Leningrad is one of the biggest industrial, scientific and cultural
centres in the USSR, a city with a rich and glorious history. Here Lenin
lived and worked, thinker of genius, revolutionary, founder and leader
of the Communist Party and the Soviet state. Here, in 1917, under the guidance of Lenin's Party, the Great October Socialist
Revolution was accomplished.
Leningrad is a hero city. It was awarded this title for the courage and
heroism shown by the city's working people in the struggle with the German invaders. Their feat has been immortalised in the Monument
commemorating the heroic defence of Leningrad from 1941 to 1943 and the rout of the fascist troops outside the city in 1944, in the
monuments of the "Green Belt of Glory", in the magnificent Piskaryovsky
Memorial Cemetery and elsewhere.
Leningrad's remarkable architectural ensembles, palaces, museums,
parks and art galleries are world-famous.

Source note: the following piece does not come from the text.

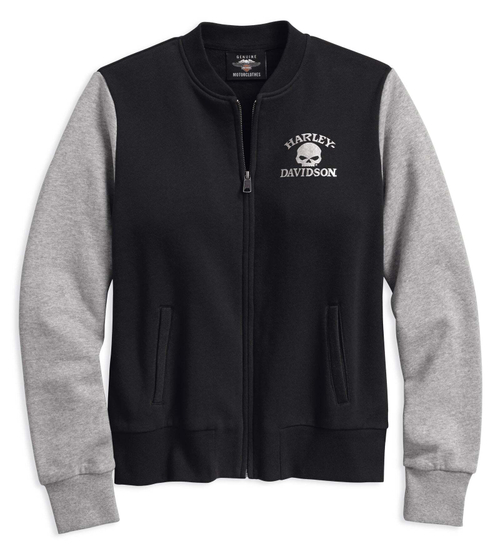 Бомбер Women's Skull Activewear Harley-Davidson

Leningrad is a city of physical culture and sport, with over three thousand sports grounds, football pitches, specialised gymnasiums,
swimming pools, skating rinks, the Palace of Sports Games, the Yubileiny Sports Palace and thirty-seven stadiums, the two biggest
being those named after Lenin and Kirov.
Since 1952, when Soviet athletes made their debut at the 15th Olympic
Games in Helsinki, Leningrad has been well represented at all summer and winter Olympics, with 175 medals to its credit, including 73
golds.
Sports fans are fully familiar with the names of the city's famous champions: G. Shatkov, Yu. Tyukalov, N. Chizhova, V.
Zhdanovich, T. Kazankina, Ye. Kulikov, G. Stepanskaya, A. Karpov and many others.

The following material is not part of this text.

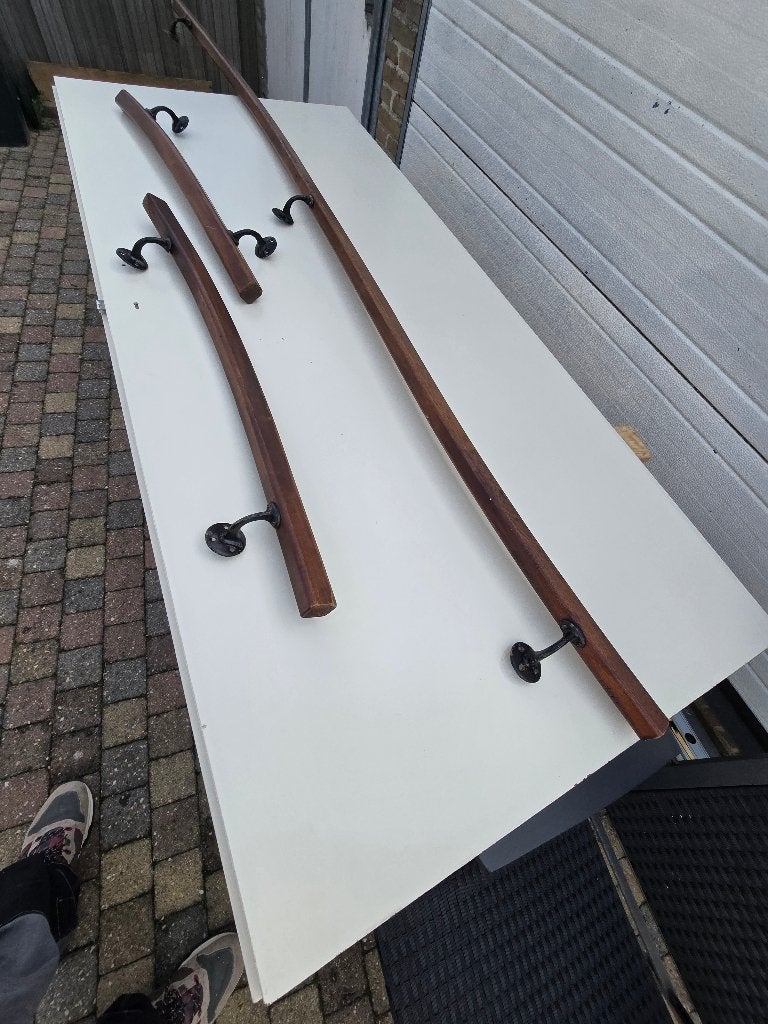 Trapleuning, Ophalen of Verzenden, Gebruikt, 2 tot 4 meter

About 750 thousand people are now active in Leningrad's sports societies.
Along with the rest of the nation, the citizens of Leningrad are preparing for the Moscow Olympics. Matches for the Olympic football
tournament will be played at the S. M. Kirov Stadium in the summer of 1980.
But the 1980 Olympics will mean more to Leningrad than just football
matches. Rowers, yachtsmen, track-and-field athletes, gymnasts,
swimmers, wrestlers and boxers-in other words, representatives of all branches of the Olympic Games-are training for the Olympic starts.